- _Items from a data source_
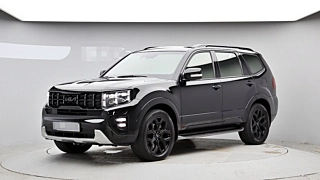 KIA MOHAVE THE MASTER 2022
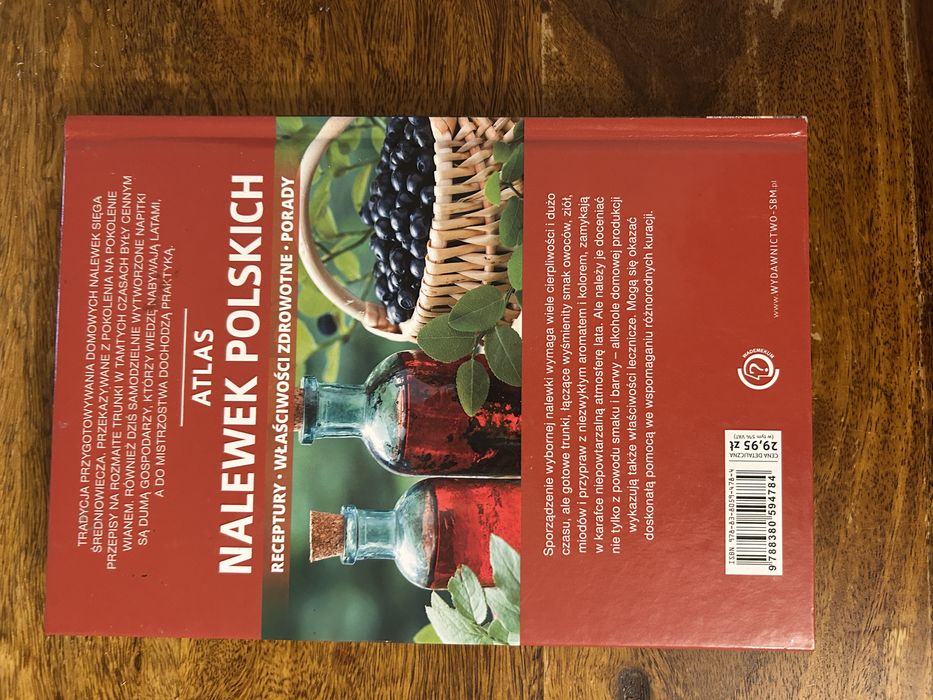 Atlas nalewek polskich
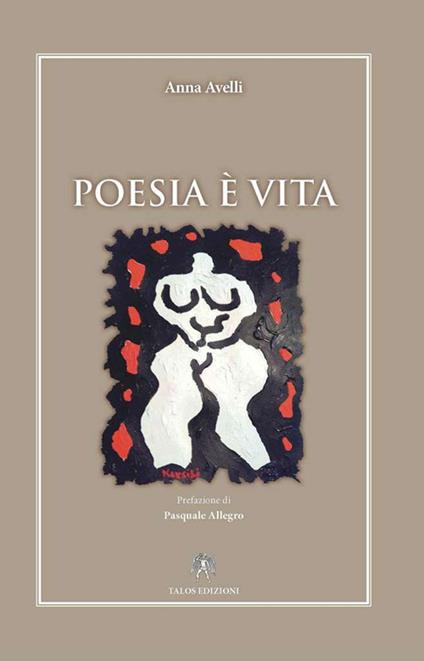 Poesia è vita - Anna Avelli - copertina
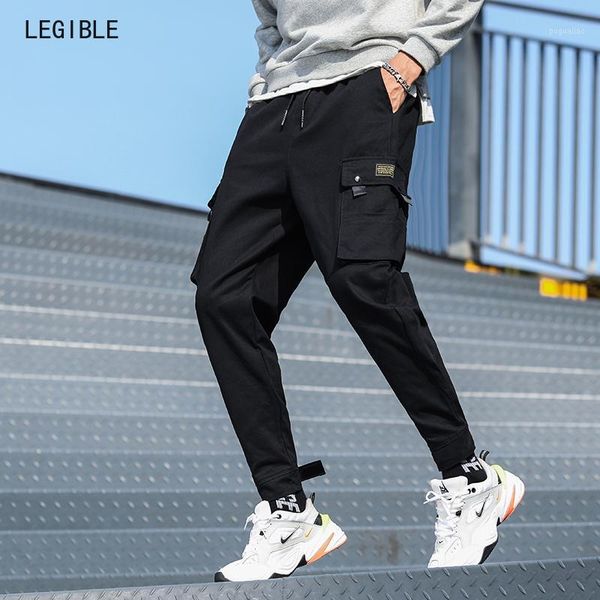legible summer pants men multi-pocket cargo pants elastic waist harem pant hip hop casual loose joggers male sweatpants1, Black
legible summer pants men multi-pocket cargo pants elastic waist harem pant hip hop casual loose joggers male sweatpants1, Black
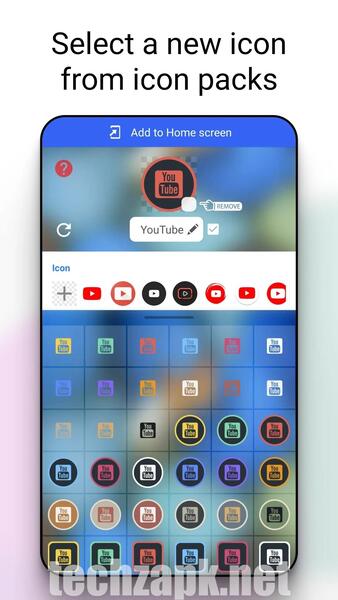 Icon Changer APK Download For Android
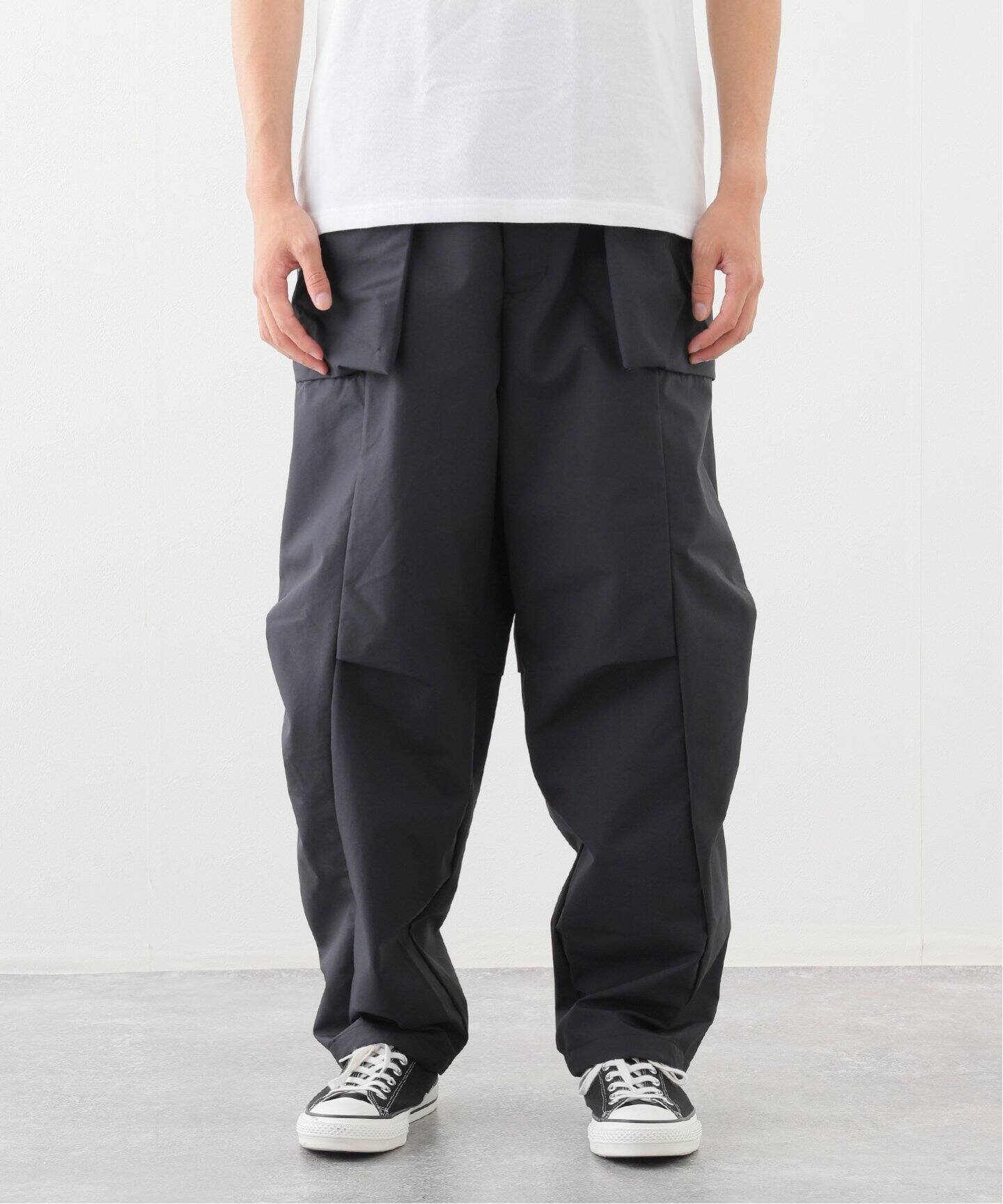 ROTOL / ロトル】SHELL CARGO PANTS（カーゴパンツ）｜WISM（ウィズム  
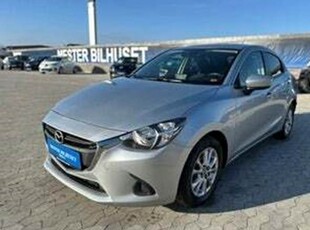 Mazda 2 1,5 SkyActiv-G 90 Niseko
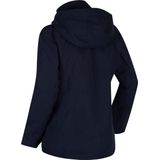 Regatta - Daysha - Jas - Blauw - Polyester - Waterdicht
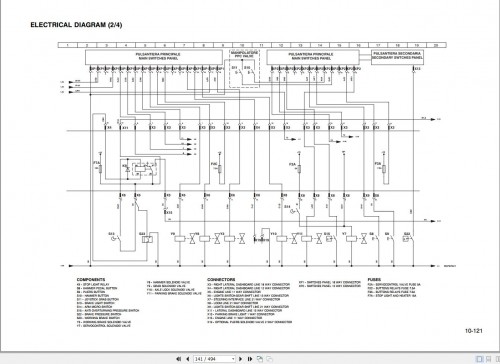 Komatsu Wheeled Excavator PW110R 1 Shop Manual WEBM000801 1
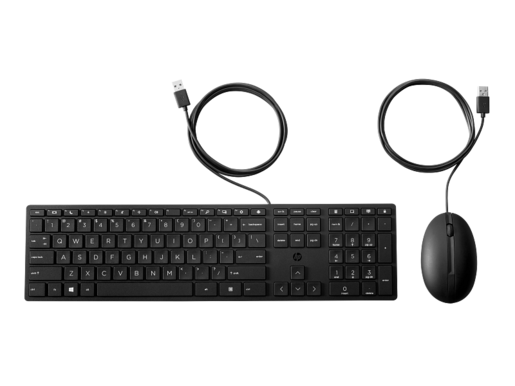 HP miš i tastatura 320 set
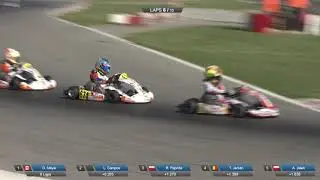 Vortex Trophy - Mini ROK | 2021 ROK Cup Superfinal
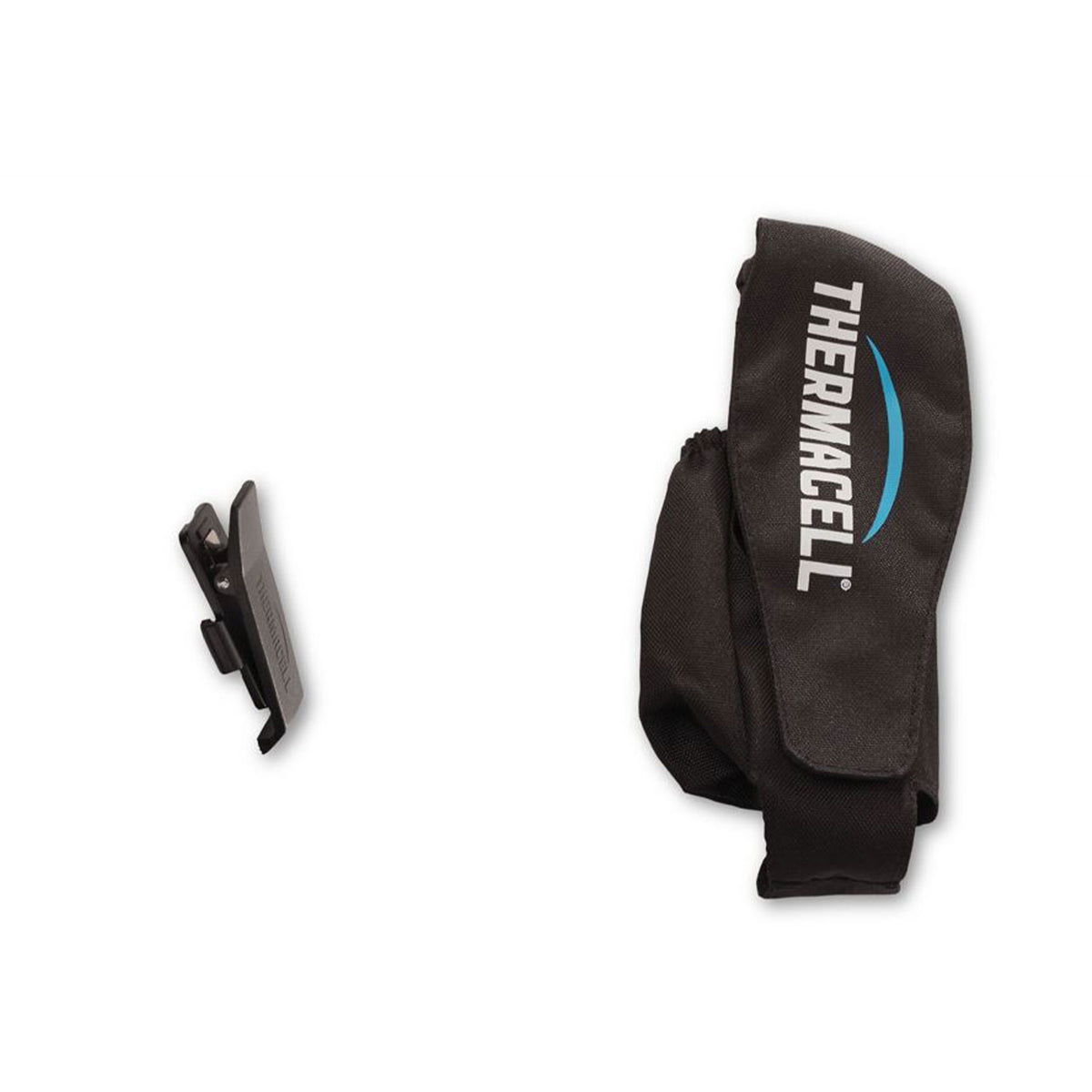 Thermacell MR300G Mosquito Repeller & 12-Hour Refill Pack (2 Pack) & Holster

- _Problem requirements_
Starting with the first line of the records above and stopping after the line containing "Regatta - Daysha", repeat every line exactly and leave out the pictures.

- _Result of the task_
 KIA MOHAVE THE MASTER 2022
 Atlas nalewek polskich
 Poesia è vita - Anna Avelli - copertina
legible summer pants men multi-pocket cargo pants elastic waist harem pant hip hop casual loose joggers male sweatpants1, Black
legible summer pants men multi-pocket cargo pants elastic waist harem pant hip hop casual loose joggers male sweatpants1, Black
 Icon Changer APK Download For Android
 ROTOL / ロトル】SHELL CARGO PANTS（カーゴパンツ）｜WISM（ウィズム  
 Mazda 2 1,5 SkyActiv-G 90 Niseko
 Regatta - Daysha - Jas - Blauw - Polyester - Waterdicht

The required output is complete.